(L’Osservatore Romano / 15.09.2023) Sono passati trent’anni dalla sera in cui don Pino Puglisi è stato ucciso dalla mafia. Ne facciamo perciò oggi, con gioia e gratitudine, una memoria particolare. Siamo incoraggiati dalla parola del Santo Padre che, dopo aver visitato Palermo il 15 settembre di cinque anni fa, con sensibilità meravigliosa e profetica, oggi ha voluto rinnovare — in una lettera indirizzata a me vescovo ma rivolta ai presbiteri e a tutto il popolo di Dio — il ricordo di don Pino, della nostra chiesa, delle chiese di Sicilia, indicando l’esempio del beato martire Puglisi come via di riscatto e di annuncio autentico del vangelo.
Sappiamo bene infatti il motivo per cui padre Pino è morto. La sua spietata esecuzione si deve alla testimonianza di giustizia e di verità portata avanti da un uomo, da un prete, che ha vissuto il proprio ministero a Brancaccio come una chiamata alla fedeltà. Fedeltà al creato, fedeltà all’uomo, fedeltà al vangelo. Non si tratta di tre fedeltà, bensì di una sola.
Don Pino ha educato sempre i giovani al rispetto della creazione, li ha fatti crescere col senso della bellezza e della sacralità di ogni forma di vita, di fronte al quotidiano culto della morte in cui, soprattutto nel quartiere Brancaccio, erano immersi. Don Pino ha interpretato il proprio dimorare in un luogo dominato dalla mafia, dal suo potere e dalla sua logica, come un ascolto infinito del bisogno e del grido inespresso di un popolo, in attesa di una liberazione dall’oppressione e dalla schiavitù mafiose che sfigurano il volto degli umani e riducono le persone a sudditi. Don Pino ha sentito il suo stare dalla parte del popolo, il suo lavoro inesausto per sottrarre i bambini e i ragazzi alla mentalità della mafia (appoggiato da tante donne e tanti uomini, laici e religiosi, attratti dall’esempio di colui che tutti chiamavano affettuosamente 3P), come una risposta al vangelo delle Beatitudini, come un ascolto di quella parola scandalosa pronunciata dal suo Maestro e Signore: «Beati i poveri».

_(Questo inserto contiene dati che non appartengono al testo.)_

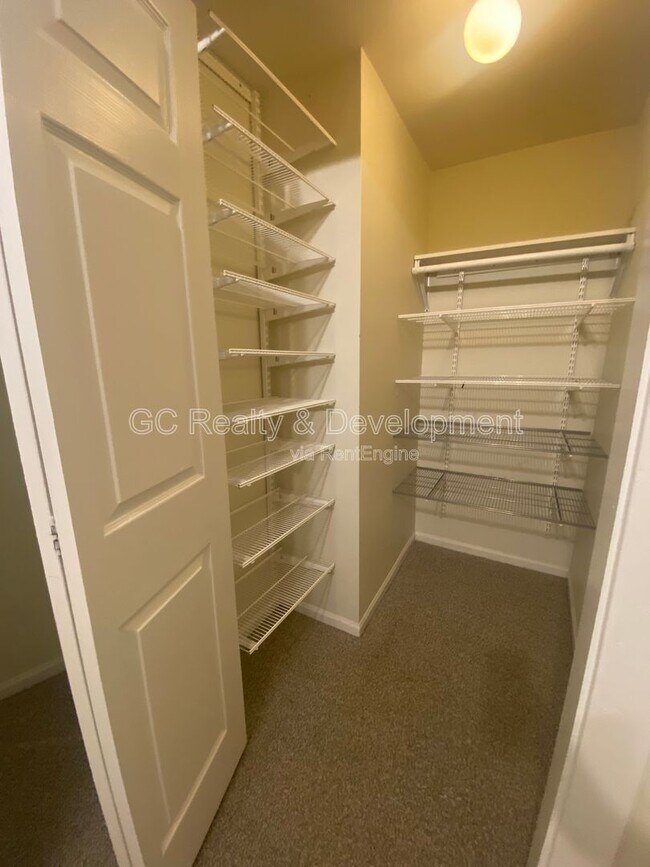 Building Photo - 2156 W Belle Plaine Ave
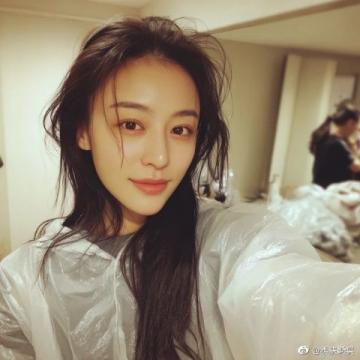陸毅帶全家游都江堰女兒丹頂鶴長(zhǎng)腿吸睛網(wǎng)友盼添帥兒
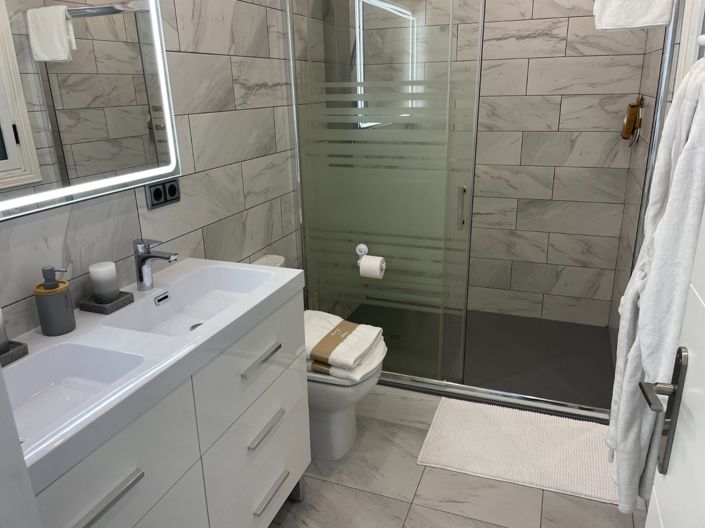 Image No.9-1 Bed Apartment for sale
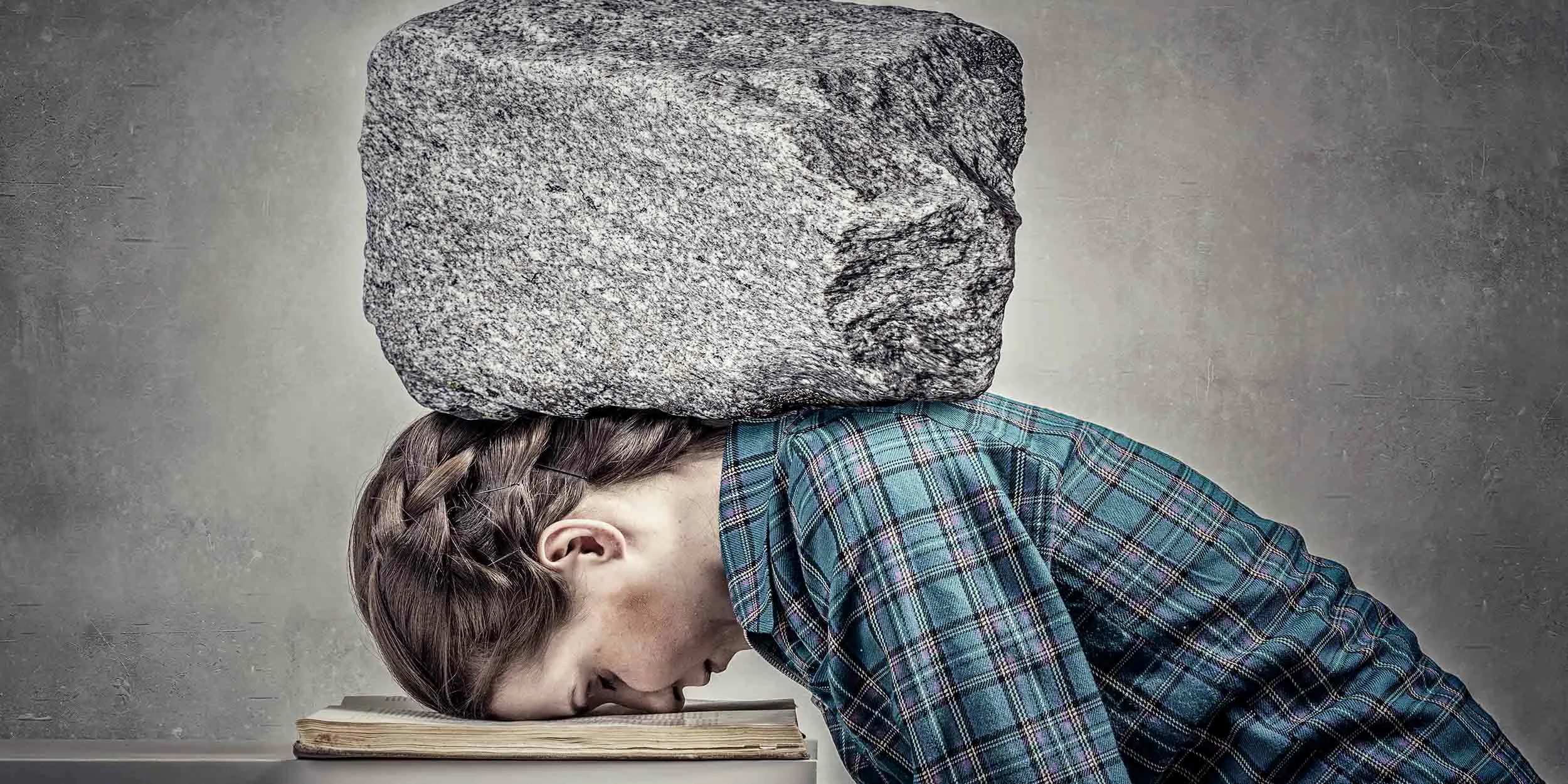 Депрессию у подростков создает не «дистанционка», депрессия – не «ой, мне грустно и скучно сидеть дома»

Così don Pino è stato uomo, così è stato prete, come un cristiano permeato da una grande capacità di ascolto di Dio e degli uomini, dallo stile della sinodalità. Credo sia questa la grande attualità odierna del suo messaggio e della sua figura, in una chiesa posta da Papa Francesco in un atteggiamento e in un cammino sinodali.
«La chiesa è sinodo», ci ha ricordato il Santo Padre sulla scorta del Crisostomo.
Ma sinodalità significa apertura all’altro, accoglienza reciproca nella comune sottomissione al vangelo e alla sua chiamata per l’oggi. Sinodalità significa compagnia dei discepoli di Gesù con gli altri discepoli, compagnia delle chiese cristiane, compagnia dei religiosi di ogni confessione e dei non credenti, accomunati dalla passione per l’uomo.
Quella passione che ha portato don Pino a morire, sorridendo al suo assassino e confessandogli candidamente che lo aspettava, sull’esempio del suo Signore, morto per amore dei nemici. Di noi, amati da Dio mentre eravamo ancora peccatori — dice Paolo — e rinati alla vita nuova in Cristo. In Lui chiamati a libertà.